Foreign Account Tax Compliance Act (FATCA) – A Nigerian Perspective

A.  BACKGROUND

In order to ensure that tax chargeable by the United States of America (“U.S”) is not evaded by U.S. taxable persons who hold foreign accounts, the U.S. in the year 2010 enacted the Foreign Account Tax Compliance Act (“FATCA”) to enable a more transparent reporting of U.S. persons and their activities offshore. To achieve this objective, FATCA was made to have an extra territorial effect so that its scope may be expanded to affect the operations of Foreign Financial Institutions (FFIs) and Non-Financial Foreign Entities (NFFEs), whose sphere of operations may fall within its purview with respect to U.S. Offshore Accounts.

B.   HIGHLIGHTS OF FATCA

FATCA imposes a system of information reporting and a 30% withholding tax on “withholdable payments” made by U.S. persons and others to FFIs and certain NFFEs that do not meet the information reporting requirements of FATCA. Accordingly, in compliance with FATCA requirements, FFIs, as well as certain NFFEs through which U.S. persons invest, are required to identify U.S. investors within their portfolio and disclose information regarding U.S. account holders or investors to the U.S Internal Revenue Service (IRS) and withhold 30% on withholdable payments made to non-compliant FFIs, certain NFFEs and recalcitrant account holders who do not provide relevant disclosures and are not exempted. Furthermore, FATCA introduces phased reporting and withholding regimes starting from July 1, 2014 to January 1, 2017.

C.  BECOMING FATCA COMPLIANT

A FFI may comply with FATCA by observing the requirements of any Inter-governmental Agreement (IGA) entered into by relevant authorities in the local jurisdiction with the IRS on FATCA or by entering into an agreement with the IRS (i.e. registering to become a participating FFI). At date, no IGA has been signed by the Nigerian government. However, a CBN circular dated January 22, 2015 advises Nigerian financial institutions to be FATCA compliant notwithstanding. Accordingly, Nigerian FFIs are required to enter into relevant agreements (i.e. register) with the IRS for this purpose. Once registered, Nigerian FFIs may ensure compliance by creating FATCA compliance units to oversee and ensure that FATCA reporting requirements are met. From a transactional perspective, FFIs may allocate FATCA risk by inserting certain clauses and representations to ensure that downside risks which may occur on the basis of a contract are minimised.
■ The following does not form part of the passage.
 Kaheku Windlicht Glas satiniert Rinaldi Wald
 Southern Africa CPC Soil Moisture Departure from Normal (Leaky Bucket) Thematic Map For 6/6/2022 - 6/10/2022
To assist with the above, the Loan Market Association (LMA) in June 2014, issued riders which may be adopted by FFIs in their transaction documents.

CONCLUSION

It is encouraging to realise that a significant number of Nigerian entities qualifying as FFIs are duly registered with the IRS at date and we are hopeful that more FFIs will be registering in the coming months.
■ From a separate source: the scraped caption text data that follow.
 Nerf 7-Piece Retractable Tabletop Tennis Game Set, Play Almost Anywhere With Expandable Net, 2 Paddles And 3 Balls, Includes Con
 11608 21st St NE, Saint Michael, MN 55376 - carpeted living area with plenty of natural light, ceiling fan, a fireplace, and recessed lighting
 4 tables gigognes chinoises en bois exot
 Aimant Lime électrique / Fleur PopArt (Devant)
The Nigerian government together with relevant authorities may need to take active steps in negotiating an Inter-governmental Agreement (preferably model 1 for reciprocity and a better uniform governmental reporting framework) between FFIs in Nigeria and the U.S. It can be said that FATCA is at its originating state and its actual transactional effect is yet to be fully appreciated at date. However, given the impact of its provisions on transactions and FFI operations generally especially with reporting and withholding requirements, it cannot be ignored.  It is therefore imperative that FFIs take an active stance in understanding its impact on their operations/transactions.